Before the season started, I wasn’t quite sure what to think. I wasn’t happy about the guys having to choose between Britt and Kaitlyn, but I can see why the producers thought this would be entertaining. In my opinion, it didn’t seem fair. The girls already have to go through enough and just when they think they’ve been chosen they still have to compete? I’m glad that this was done and over with after the first episode though.

However, my problems didn’t end here. I was actually livid about a remark I heard from one of the guys on the show and even more upset that the media completely grazed over this instead focusing on the intoxicated contestant that was booted before the rose ceremony and the slut shaming that we saw from Kaitlyn having to apologize for her actions. (we’ll discuss this in another post after we watch the episode where this happens.) The line in question that I am referring to is when one guy was discussing who he’d pick, “Britt is more of your trophy wife. Kaitlyn is more of your wife.”

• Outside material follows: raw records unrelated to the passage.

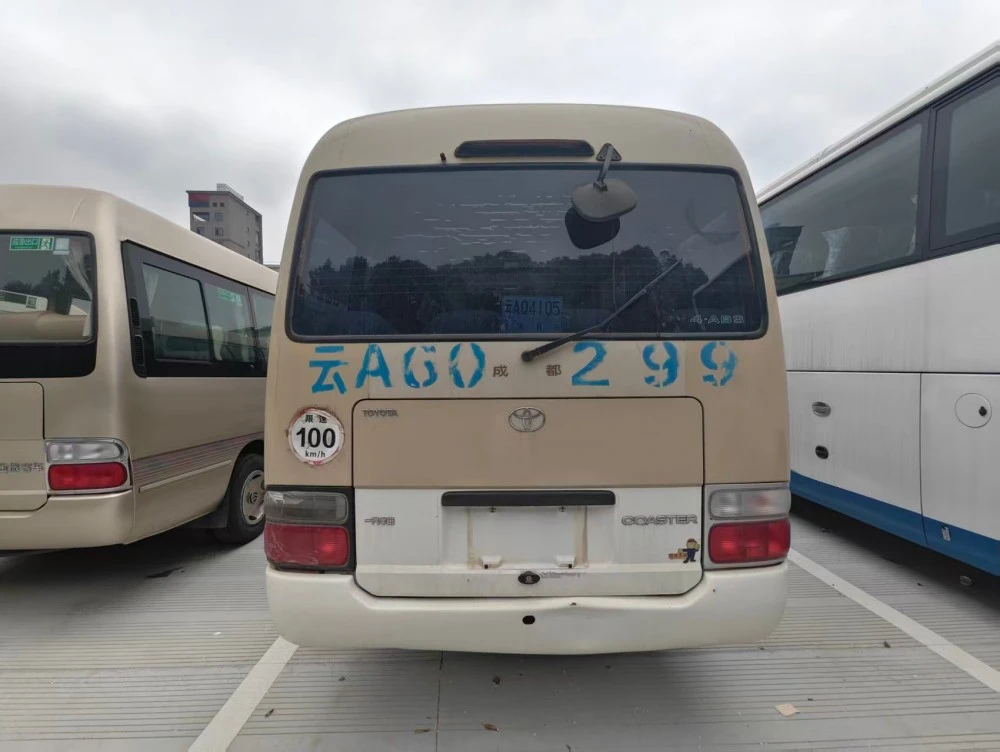 Awọn ijoko 20 ti a lo cussiline akero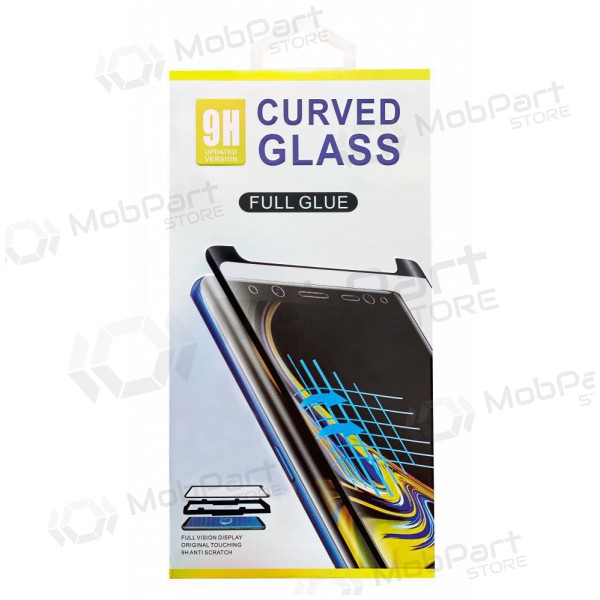 Samsung G985 Galaxy S20 Plus ekraani karastatud kaitseklaas "9D Curved Full Glue"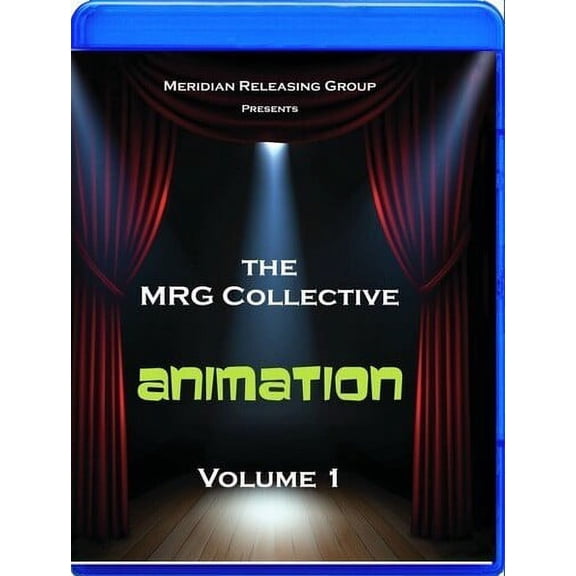 Mrg Collective - Animation, Vol. 1 (Blu-ray), MRG (Meridian), Animation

I’m not oblivious. I know that trophy wives exist and I know that there are women in this world that are happy being labeled a trophy wife, but you are not allowed to just refer to someone as a trophy wife. When you say that someone is a trophy wife, does that make you feel better about yourself as a man? Does that make you feel more masculine? This guy just met Britt for the first time and assumed because she was naturally very pretty that she didn’t have more to offer than being a trophy wife. I was really disappointed to hear this and am even more curious now to hear Britt’s reaction on this having seen the first episode. A guy once told me to my face that he believed that “Asian women were the modern day trophy wives.” Really? Asian women? All of them? He might as well have thrown a drink in my face because that was the equivalent of how I felt when I heard that. In case you were wondering what happened after that? Friendship over. For the men that read this blog, please. Please. Don’t ever say this to a women. Unless they want to be referred to in this way, it is a degrading statement and it’s 2015, we’ve come a long way to be put back into this position.